Review Summary: dodododododo kicker of elves
There are at least two reasons as to why Robert Pollard’s Bee Thousand
, as opposed to the indie community befallen after him, will appeal to the world outside it; that is, the rock fans, the metalheads and all that. Firstly, the personality he has - constricting all ideas of delicacy, modesty and politeness - thrives on a boyish attitude. 'Uncle' Bob's arrogance instigated the idiosyncratic, quirky music movements of so many to follow, so when he performs he plays up to it; he doesn't shy away from his sing alongs, he demands that [his] music will never die and - for all his stage time - he's a self-loving drunk. With a discography that just keeps on expanding (and six
releases pinned down for 2009), Robert Pollard moves from limit to limitless, more interested in being out there than writing masterpieces.
Secondly is the music. Pollard is clearly a big fan of himself, but so is he equally appreciative of pop rock. On Bee Thousand it’s noticeable - his band plays an extremely dampened version of indie, with all rock 'n' roll sentiments prioritised. In fact, his first question is Are you amplified to rock?
, asked in “Hardcore UFOs”, which is seemingly prophetic of the answer: Bee Thousand
opens and continues with raw rockers.
Pollard is also a fan of R.E.M., and ever since the Guided By Voices project began way back with Forever Since Breakfast
, he has been living the tickled fan dream to sound exactly like them. On Bee Thousand
, it seems he and Tobin Sprout find a rock ethic of their own, which is likely attributed to the hyper speed at which his tracks are played. Pollard’s attention span simply implodes which, as would later become one of Guided By Voices trademark tricks, abolishes a song as soon as it loses the tiniest hook. Catchiness is vital; songs in the one-minute region blitz through the songs biggest characteristic – the distorted, ever amplified approach to “Buzzards and Dreadful Crows”, the acoustic wilderness packed into “Yours To Keep” and “Kicker Of Elves” with its bouncy do do do hums, are all Pollard’s perfect evidence that all you need is one minute.
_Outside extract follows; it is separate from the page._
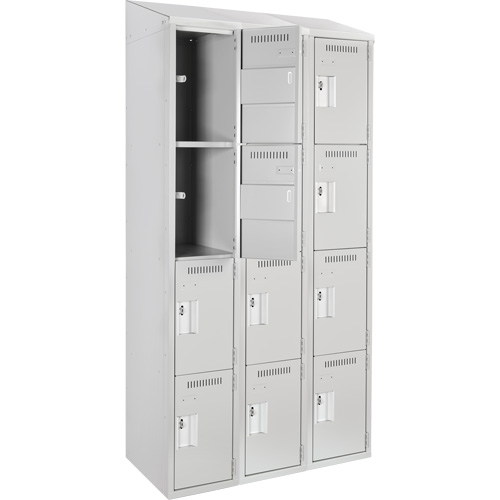 Anthony Steel Mfg. CL-Q-3-12X15X72-ST_A124 Clean Line Lockers, 4 -tier, Bank of 3, 36" x 15" x 78", Steel, Grey, Rivet (Assembled)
Whatever Pollard is singing about (which most aptly is nothing, however it often extends to experiences in his older life jobs as somehow teaching and being a father), it becomes muffled by fluctuating fuzz, which would later define the album as the lo-fi influence so many needed. Its four-track recording goes on to contribute to the comfortable, spontaneous scheme developing in Pollard’s mind, so in the longer home stretches (say, the songs that can actually change for their three minute run time) it’s hard to picture a redeveloped, freshly packaged and fixed version of Bee Thousand
– to most purists, it would demean the album. “Tractor Rape Chain” is deafening, and its quiet-loud transition may as well be planned. Similarly when “I Am A Scientist” was spring-cleaned for a greatest hits edition, its crackly surface was bid farewell to, leaving nothing but Pollard’s trebly, confident voice. “I Am A Scientist” didn’t need polishing – it was already the album’s smashing hit when it could barely be heard.
Throughout the entirety of Bee Thousand
you’ll probably miss something due to the distortion, the fuzz, the noise – whatever it is you call it. But in the same year as Pavement would be releasing Crooked Rain, Crooked Rain
, one of their many crowning accomplishments, an album far less produced and with far more heart would be plucked out of the air by the hand of Robert Pollard and accomplice Sprout. So even if “Peep-hole” is strummed by the soft rock renegade to sound as if a whisper on the wind, Bee Thousand
will appeal to anyone - under any influence - to sing along to what they can just ably hear.